Economic sociologists explore the ways in which the economy is embedded in and embeds social relations.

Valuation studies

How do things become valuable? And how do different registers of valuing affect and reflect on that which is valued and those that value?

Exploring the boundaries between knowledge and uncertainty

I work in the intersections of economic sociology, valuation studies, and science and technology studies. My research investigates the different ways that actors and organizations negotiate boundaries between certainty, risk, and uncertainty, objectivity and interpretation, and technology and society. While I have worked on a range of project and areas, my work tends to focus on situations and phenomena involving contested knowledges as well as predictions, imaginaries, and other temporal domains. In previous projects I have investigated how mining companies use predictions to manage uncertainty and they mobilize predicted futures in interactions with decision-makers and stakeholders, how book publishers and sellers prepared for a new digital landscape and the death of print in the first decades of the 21st century, and how erroneous predictions helped decision-makers navigate uncertainty in the early days of the Covid-19 pandemic.

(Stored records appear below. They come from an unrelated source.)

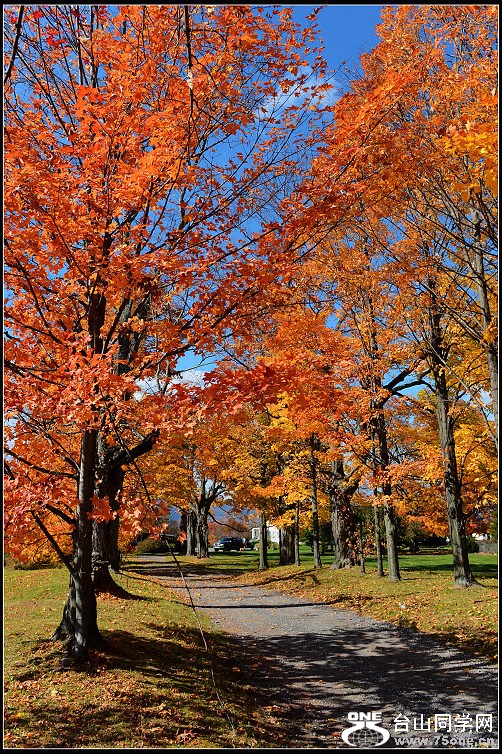 DSC_4075.JPG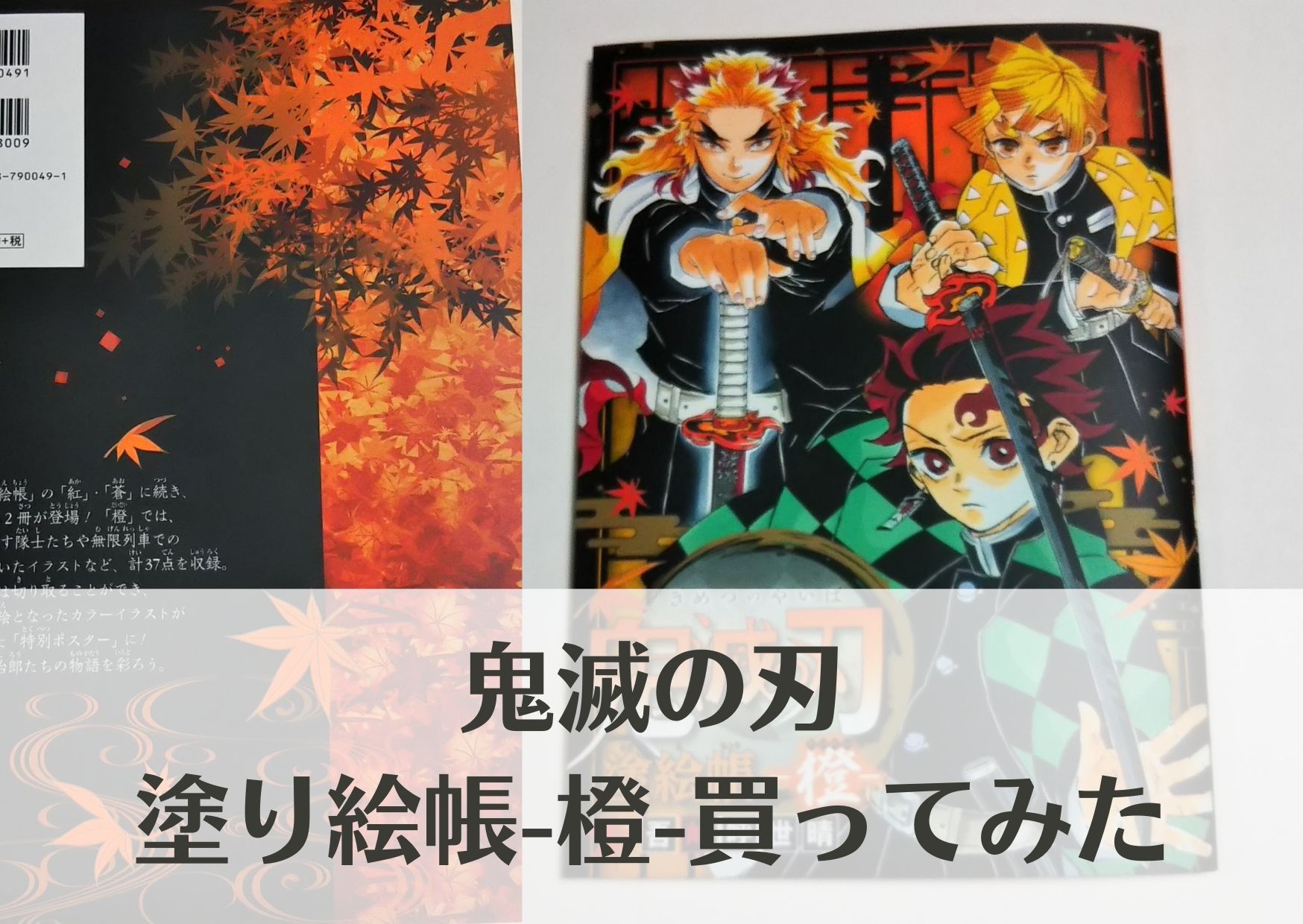 鬼滅の刃の塗り絵『鬼滅の刃 塗絵帳 -橙-』買ってみた！煉獄杏寿郎ファンは蒼＆橙マストバイです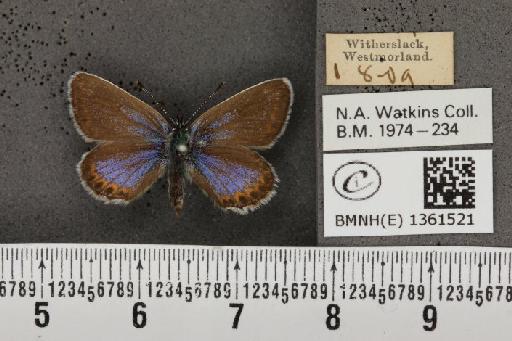 Plebejus argus masseyi Tutt, 1909 - BMNHE_1361521_174450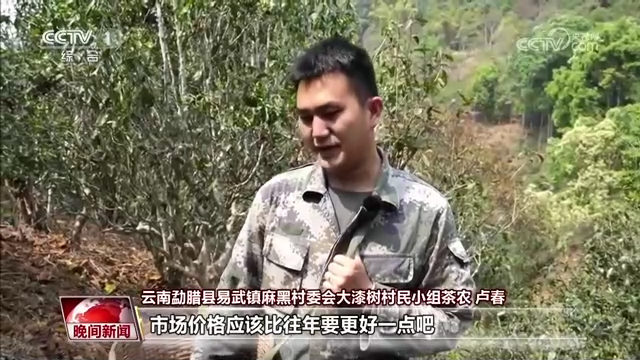 
广州儿童医院黄牛代挂号电话票贩子号贩子网上预约挂号,住院检查加快,又是一年春茶季 各地茶园抢“鲜”采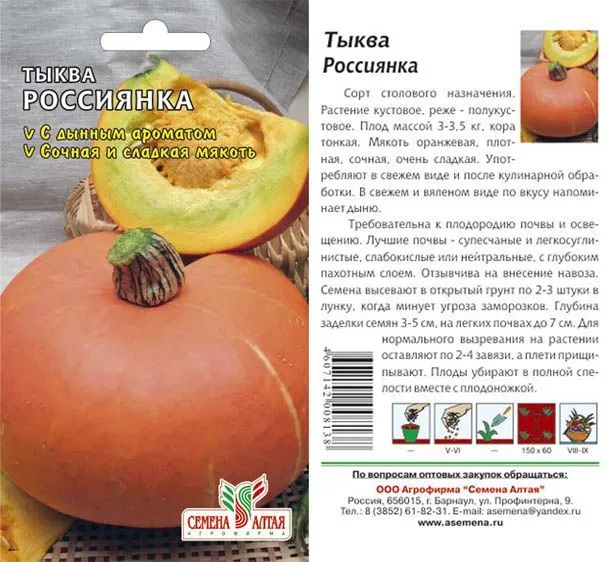 картинка Тыква Россиянка (цветной пакет) 2г; Семена Алтая от магазина Флоранж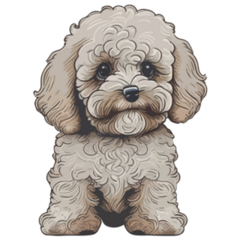 Maltipoo Multicolor Sticker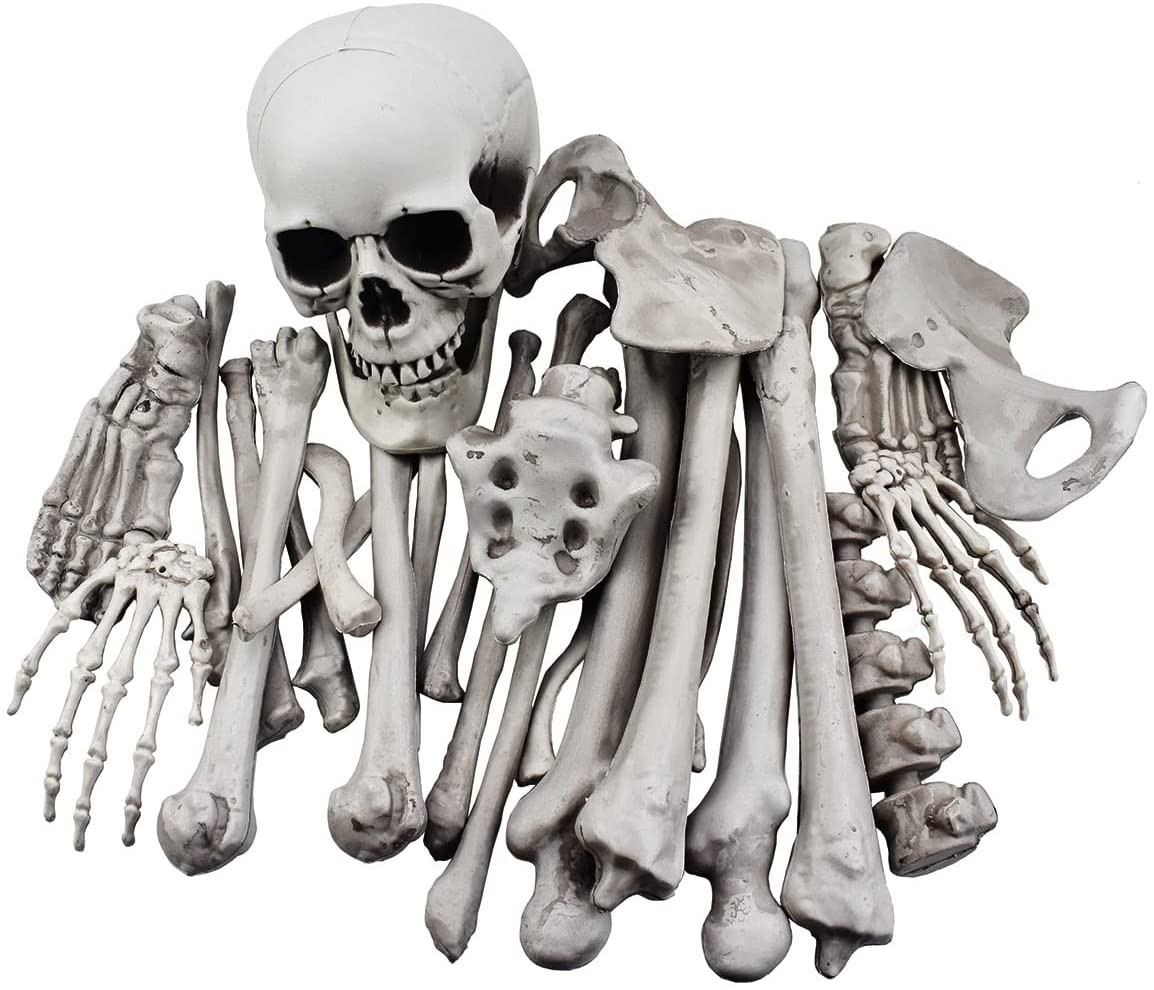 28 Pieces Skeleton Bones and Skull for Halloween Decor or Spooky Graveyard Groun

I am currently working as a postdoc on the project The Politics of Time – Navigating Conflicting Imaginaries where I study the ways that competing visions about the future come together to determine which future will prevail and which solutions to present day sustainability challenges will be able to shape current and future strategies. 

Before joining the Department of Organization I worked as a postdoc and researcher at Lund University and Stockholm Center for Organizational Research. In February 2026 I was awarded the title of Reader in Sociology from Uppsala University. I hold a PhD in Sociology (awarded November 2020) from Uppsala University where I defended my dissertation thesis “Mining Futures: Predictions and Uncertainty in Swedish Mineral Exploration.”